‘Goldfish’ review: A slow-paced heartwarming mother-daughter tale

The movie throws light on challenges of dementia


Goldfish is a heartwarming mother-daughter story that stays with you long after you've watched it. Anamika Fields (Kalki Koechlin) is the daughter who has just returned home after her mother Sadhana Tripathi (Deepti Naval), a person with dementia, narrowly escaped a mishap.

The story is set in the United States, a neighbourhood in which Anamika spent her childhood years - one gets to see the kind of close community bond between fellow Indians and Asians who reside in the neighbourhood and are always there for each other. This is evident from the fact that one of Sadhana's neighbours, Laxmi Natrajan (Bharti Patel), a retired NHS nurse sends an SOS to Anamika, when she senses that Sadhna might need someone to look after her. However, Sadhana resents help. She is a firm believer in her own ability to look after herself notwithstanding the onset of dementia.

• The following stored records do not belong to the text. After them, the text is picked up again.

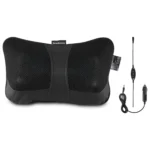 Untitled design – 2026-01-09T083927.022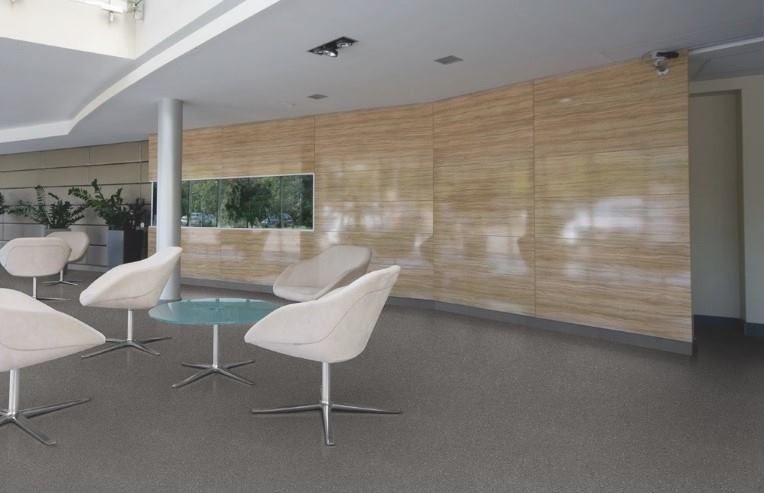 Линолеум коммерческий "Tarkett" Acczent Pro Aspect 2 (2м) — купить в Уфе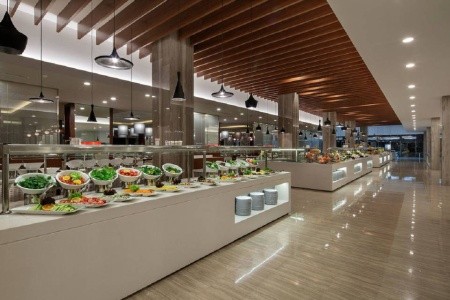 The Sense Deluxe - 12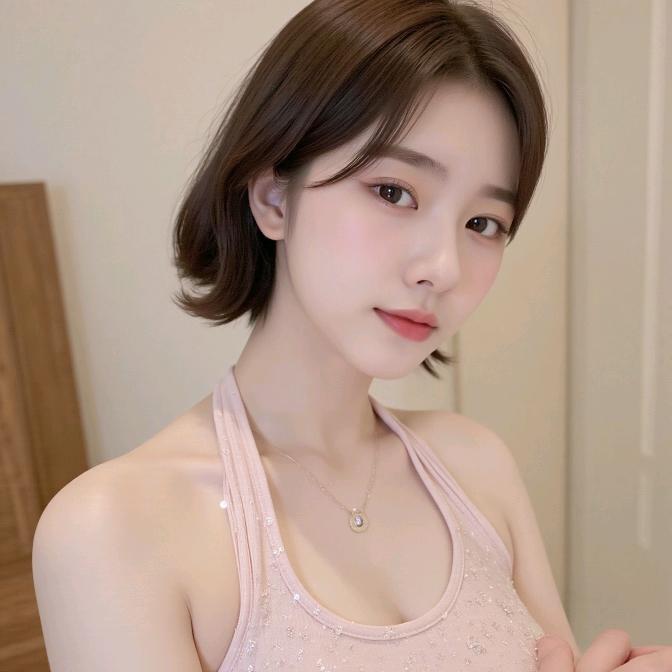 落款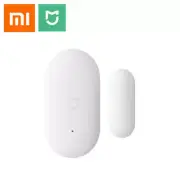 Xiaomi Mijia Smart Door and Windows Sensor Multi-Functional Home Security Guard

Character arcs of both, the mother and daughter are well fleshed out - Sadhana, a music teacher, enjoys time with her students and their presence makes her feel all is well with her and the world. She reminisces the time when Pandit Ravi Shankar would play on and on until wee hours of the morning and years to attend concerts like that which indulge one's heart and mind. She is shown to have been a control freak to her daughter, often hurting the latter's sentiments in a bid for oneupmanship.

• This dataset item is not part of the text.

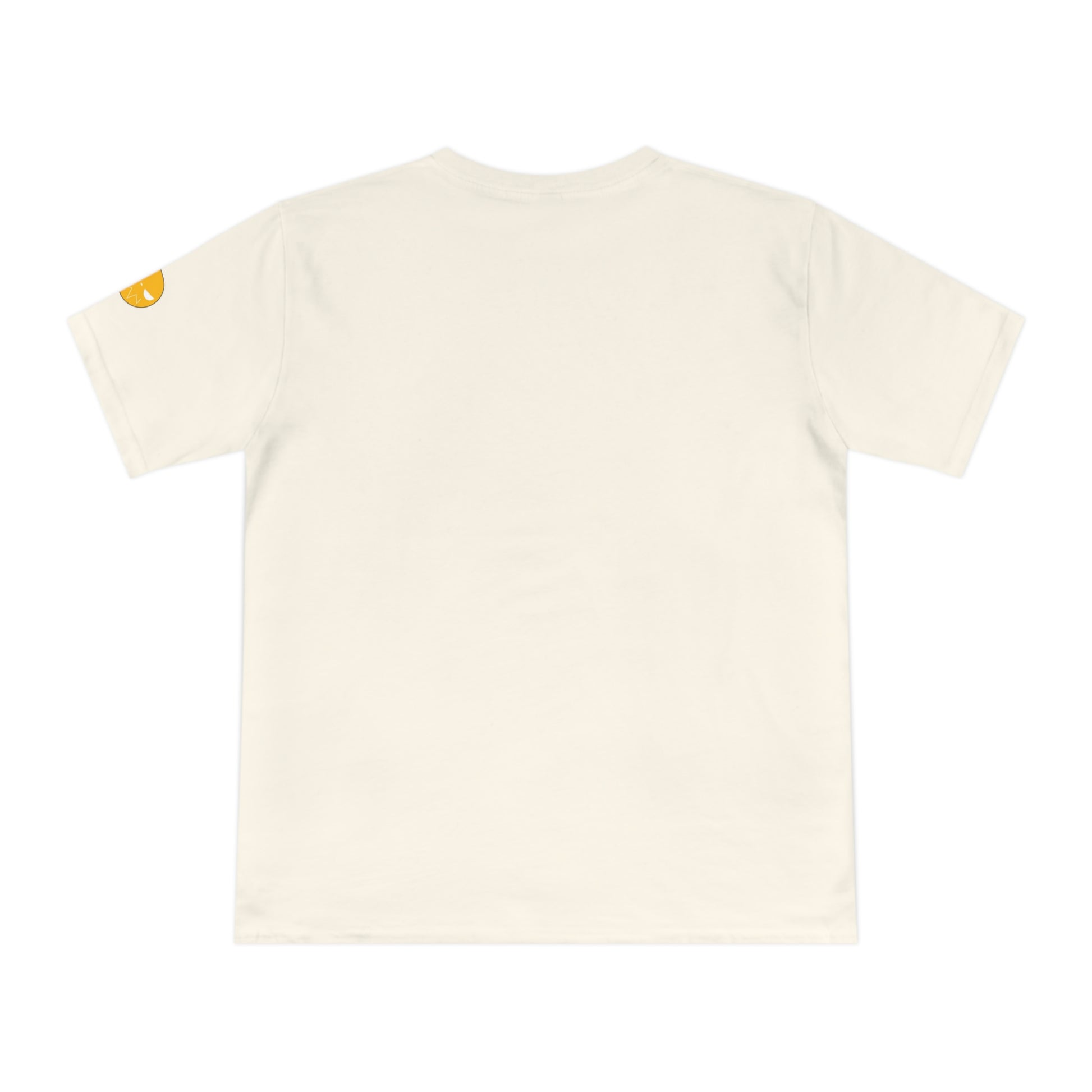 Soul Eater T-shirt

Anamika, on her part, is looking at sending her mother to a Care Home but she finds herself in a dilemma as to whether to go ahead with it or not and that forms the centre of the narrative.

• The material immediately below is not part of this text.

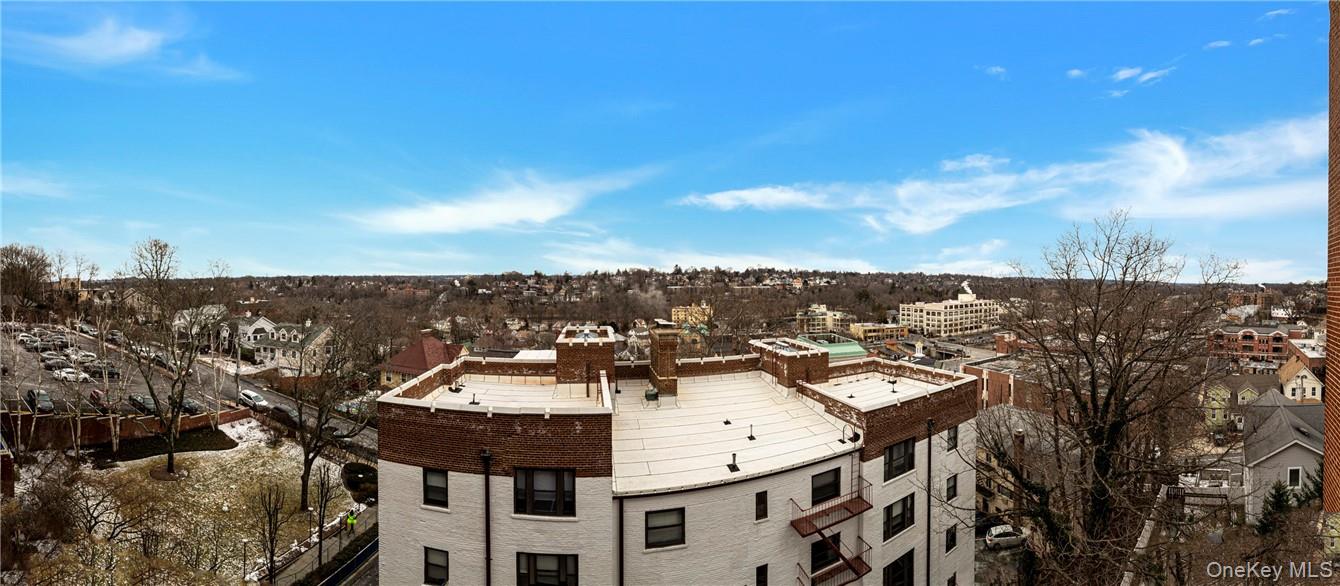 #11 photo, 14 Westview Avenue, Tuckahoe , NY 10707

Now, we come to the film's title. The Goldfish becomes a point of contention between the mother and daughter and adds meaning and context to the film. Many years back when she was young, Anamika is unable to let go of the memory that had scarred her for life. It was of her mother flushing a live goldfish down the toilet. Years later, when she returns home, she demands an answer. Her mother initially refutes the allegation saying that the fish had died but later on, she admits that it was indeed living and that she flushed it only to hurt her daughter. The pace is slow; the narrative is rich and deep, contextual and steady. The flow is highly engrossing as well.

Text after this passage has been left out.